Ese poder simbólico tuvo en ocasiones un carácter ritual, como sucedió la noche del 16 de noviembre de 1939 en tres localidades situadas en un radio de 10 km de la comarca del medio Vinalopó. A las 6:00, un piquete formado por números de la Guardia Civil fusiló en Monóvar, centro de ejecución de la comarca, a doce vecinos de esta y de las localidades de Elda, Petrer y Pinoso. Sin embargo, otros cuatro vecinos, uno de Petrer y tres de Elda, sacados igualmente de prisión en ese momento, hubieron de esperar su turno, para lo que fueron trasladados por el piquete de ejecución a sus localidades de origen[94]. Pese a que las fuentes sumariales indican que estaba formado por números de la Guardia Civil, los testimonios orales aseguran que el piquete fue completado por falangistas voluntarios en las dos localidades. En las actas de defunción que se adjuntaban a los sumarios se solía indicar de forma escueta la hora de fallecimiento, como consecuencia de «heridas por arma de fuego en la cabeza» o «heridas por arma de fuego». En este caso, la información fue algo más detallada, al especificarse que habían «dejado de existir efecto de diversas heridas por arma de fuego, radicantes en su mayoría en cabeza y cara»[95]. Sabemos por distintas fuentes que el tiro de gracia destrozaba la cabeza; lo que no conocemos, porque no se indica en el resto de actas, es si los piquetes de ejecución solían disparar a la cara de las víctimas. En este sentido, la información detallada podría deberse al celo del forense, pero también podría ser indicativa de una especial saña con la que se habría llevado a cabo la ejecución de aquellos vecinos que, demonizados, habían antes dejado de formar parte de la comunidad. Sea como fuere, lo que es indudable es que la noche del 16 de noviembre fue vivida por algunos como una especie de ritual de violencia purificadora[96]. Para otros, esta danza de muerte quedó grabada a sangre y fuego en la memoria, pese a que fueron —o precisamente porque fueron— las únicas ejecuciones que se llevaron a cabo en sus localidades. Ninguna de ellas se libró del terror del sonido de los disparos al amanecer.

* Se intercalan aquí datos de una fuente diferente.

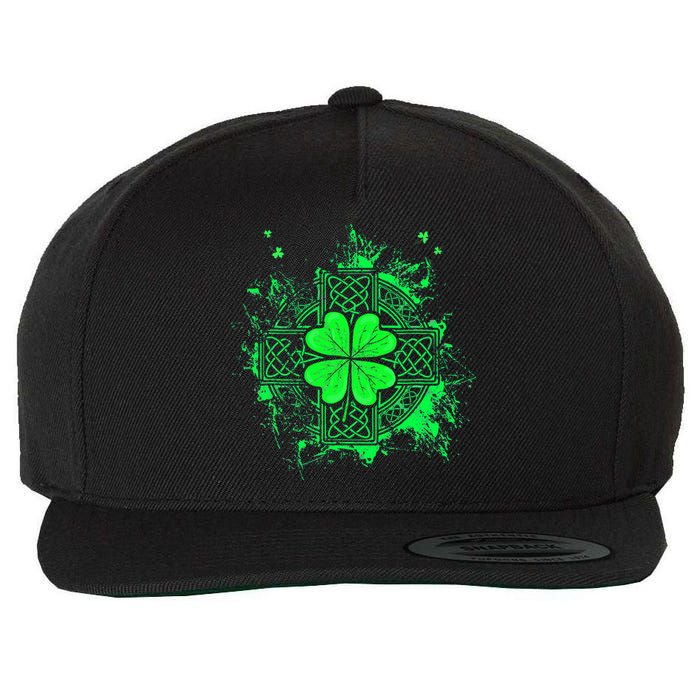 Celtic Knot Irish Shamrock Three Leaf Clover St Patricks Day Wool Snapback Cap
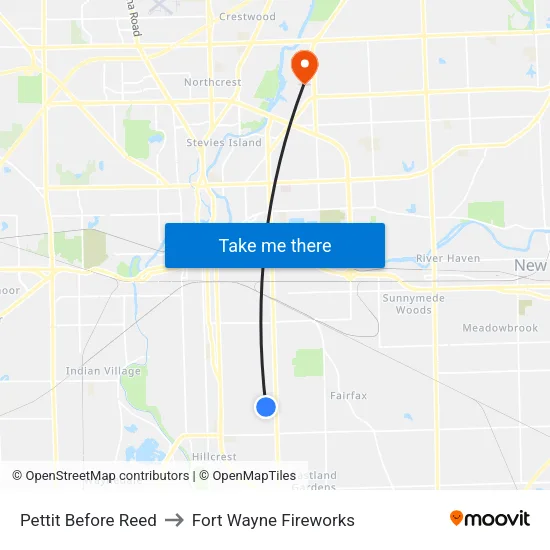 Pettit Before Reed to Fort Wayne Fireworks map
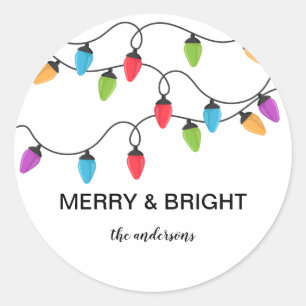Sticker Rond Lumières de Noël festives personnalisées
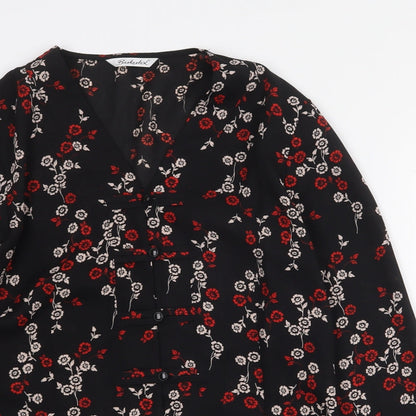 Berketex Womens Black Geometric Polyester Basic Blouse Size M V-Neck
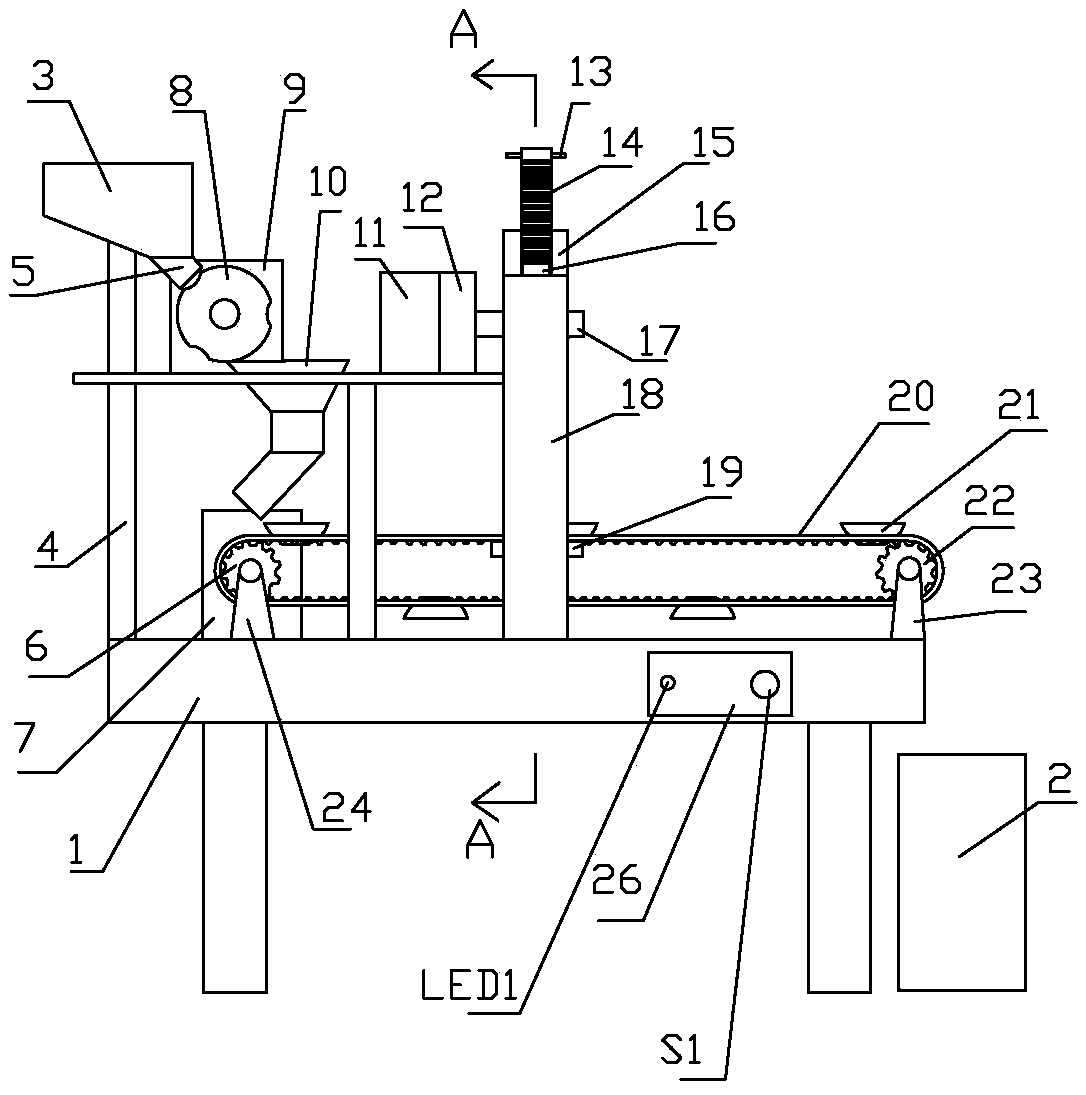 Household minitype walnut automatic shell breaking machine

El impulso dado por la Dirección General de Prisiones desde noviembre de 1939 para controlar y regular la situación de la población reclusa comenzó a dar sus frutos, como ha quedado apuntado, a partir de enero de 1940. En ese momento, la población de la provincia, ya sin prisioneros en los campos de concentración, ascendía a unos 8000 presos[97]. Una cifra absolutamente sin precedentes que, como en el resto del Estado (270 719), colapsó las auditorías y desbordó un sistema penitenciario que se vio obligado a consolidar las prisiones habilitadas, convertidas en mayoritarias hasta mediados de la década[98]. Pese a que no disponemos de cifras oficiales sobre la regulación y distribución de la población reclusa para 1940, sí contamos con las elaboradas por la dirección del Reformatorio de Adultos para febrero de 1941[99]. Estas vuelven a corroborar, con un año de antelación, la validez de las cifras oficiales publicadas por el Instituto Nacional de Estadística a partir de 1942, como ya demostrara Domingo Rodríguez Teijeiro[100].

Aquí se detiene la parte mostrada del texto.